‘It’s more lane than street,’ I’d said when we first moved here.
You said ‘It’s rare to get a ‘Street’ in rural parts. It’s a Roman word, sure sign they were here’.
‘There’s nothing Roman round here,’ I’d said, and you’d gone quiet and started to look around. I could see your eyes following every dip and bump hinted at under the grazing grass. It was a December morning and the low winter sun cast subtle shadows. There was a nuance in the land, a sense of mystery around us.
You spoke distractedly, ‘You think? I’m not so sure.’
We walked down the ‘Street’ to the river, paused at the bridge and watched water cascading through the old mill wheel. I could see you were still thinking about the fields, but you asked me a question about my dogs. They were always ‘My dogs’, even though ‘We’ paid for them. ‘Your prizes, your dogs,’ you used to say.

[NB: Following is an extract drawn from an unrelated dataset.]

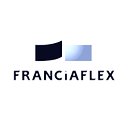 Logo Franciaflex, spécialiste des protections solaires et menuiseries innovantes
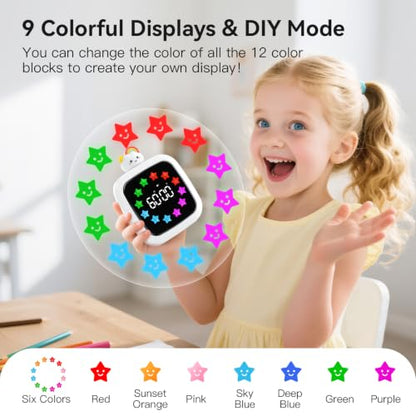 Yunbaoit Digital Visual Timer for Kids, 99-Minute Countdown, Rechargeable - color: Rainbow Doll-white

That evening we sat by an open fire in the local. You drank ale and I drank gin. The place was empty, and you chatted away like a child excited by Christmas.
You never spoke to me like that in the summer.

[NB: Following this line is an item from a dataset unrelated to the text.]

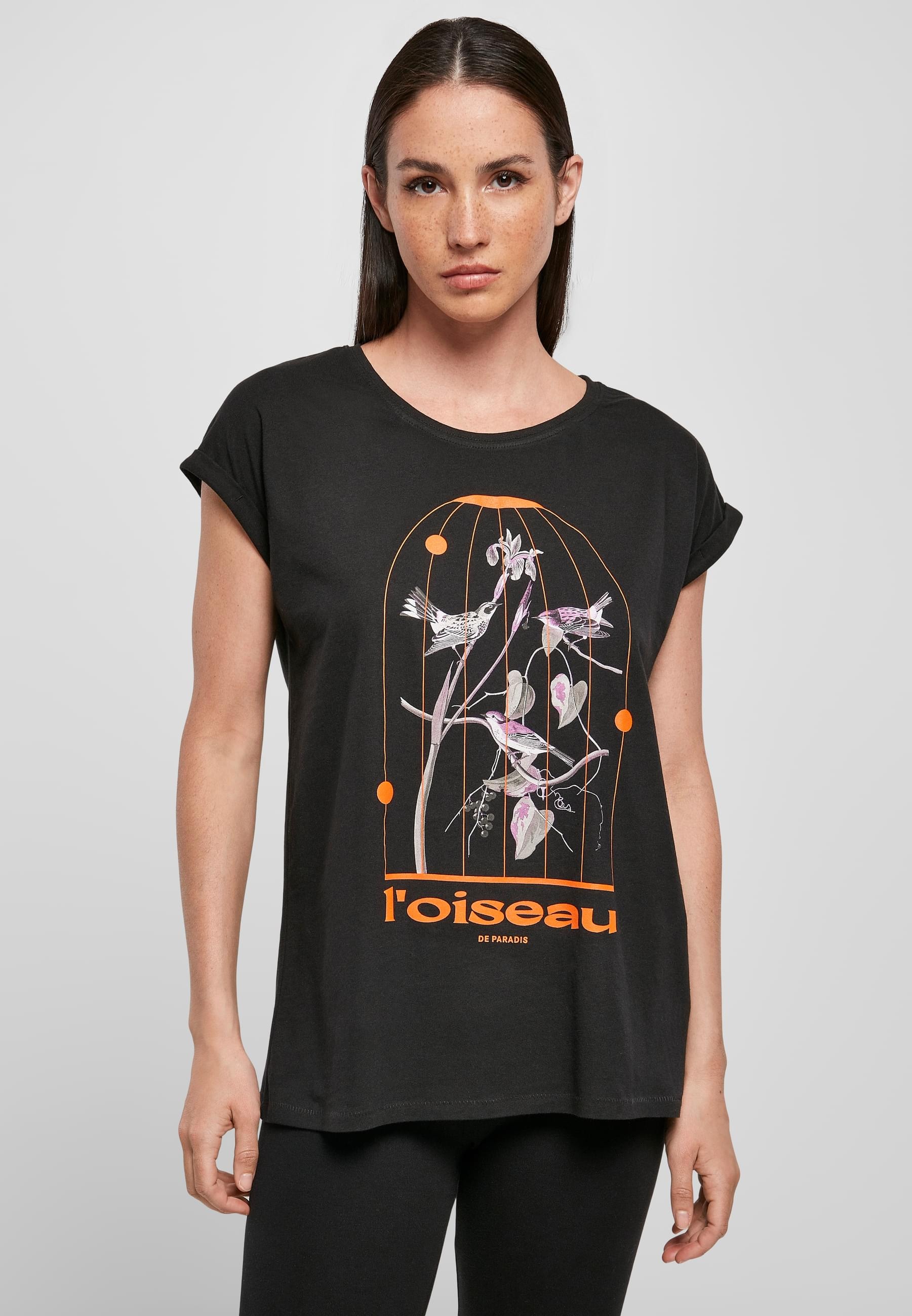 MisterTee Kurzarmshirt »MisterTee Damen Ladies L´oiseau De Paradis Tee«, (1 tlg.)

I always felt alone in the summer, even when you were there. You just seemed to shut down for those months every year.
We would walk together but you were a ghost. There was no distracted look in your eye. No depth in your thoughts. You would tag along behind me, squinting and always strangely hunched away from the sun. My ‘dissident sunflower’ I would joke, but I missed your winter warmth that I could snuggle into.
This is my first summer without you and I’m walking these fields on my own, without your sullen shadow lurking just off my shoulder. The field seems flat and uniform. The long grass clipped, recently cut for hay. There’s no cloud in the sky, no mystery in the land.
You used to haunt me in the summer when you were alive, but you were always so much happier in the winter.
I need you to haunt me in the winter.